Teman satu kelas pun tak ada yang iri. Sekalipun satu atau lebih teman mewakili sekolah dalam FLS2N dan harus sering meninggalkan jam pembelajaran, tak ada yang protes. Mereka sudah mengerti.
Siswa yang turut FLS2N tak semuanya cerdas di bidang akademik. Tapi, mereka pasti terampil di cabang FLS2N yang diikuti. Artinya, siswa ini cerdas di bidang ini.
Karenanya, sangat patut siswa di bidang ini diapresiasi. Apalagi ia sudah mengusahakan secara maksimal dalam menghadapi FLS2N. Sampai-sampai ia sering  meninggalkan jam pembelajaran untuk latihan.
Persiapan yang dilakukan ini untuk berkompetisi memperjuangkan prestasi sekolah. Dalam kompetisi ada kalah, ada menang. Jika menang, tak perlu ditanya. Sudah pasti dielu-elukan alias disanjung. Ini penghargaan yang membanggakan bagi siswa.
Jika pun belum menang, sebetulnya sama saja, siswa harus tetap dihargai. Agar kebanggaan tetap dimilikinya. Sebab, yang dihargai semestinya bukan perihal hasilnya. Tapi, karena siswa sudah berkarya.
Sebab, siswa dalam proses berkarya membutuhkan energi yang justru sangat banyak dalam durasi yang panjang ketimbang saat lomba. Maka, latihan merupakan momen siswa berkarya yang sesungguhnya.
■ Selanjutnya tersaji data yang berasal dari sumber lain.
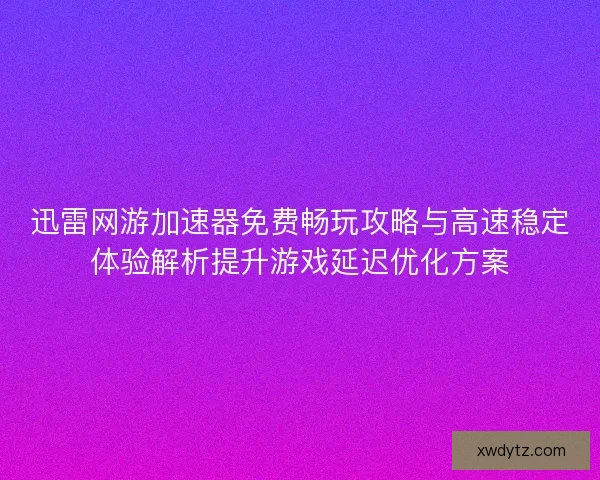 迅雷网游加速器免费畅玩攻略与高速稳定体验解析提升游戏延迟优化方案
Apalagi dalam momen ini justru ada banyak pengaruh. Yang bukan mustahil karena adanya pengaruh buruk, misalnya, siswa tak teguh dalam berproses, yang akhirnya dapat saja "berhenti".
Tak menjalani proses yang seharusnya memang dilakukan. Sehingga, tak jadi turut lomba. Tapi, sayang, proses berkarya ini sering dilupakan oleh sekolah.
Sebab, sering sekolah lebih memandang hasil. Ikut lomba targetnya menang. Jika tak menang berarti tak memberikan hasil. Pandangan ini wajar saja sebetulnya.
Karena, hampir dapat dipastikan semua sekolah memegang sudut pandang ini. Dimengerti, melalui kemenangan yang diraih siswa dalam lomba, nama sekolah terangkat di tengah-tengah masyarakat.
Dan, ini berdampak terhadap derajat sekolah meningkat. Derajat sekolah yang meningkat menjadi magnet yang dapat menarik masyarakat untuk menyekolahkan anaknya di sekolah termaksud.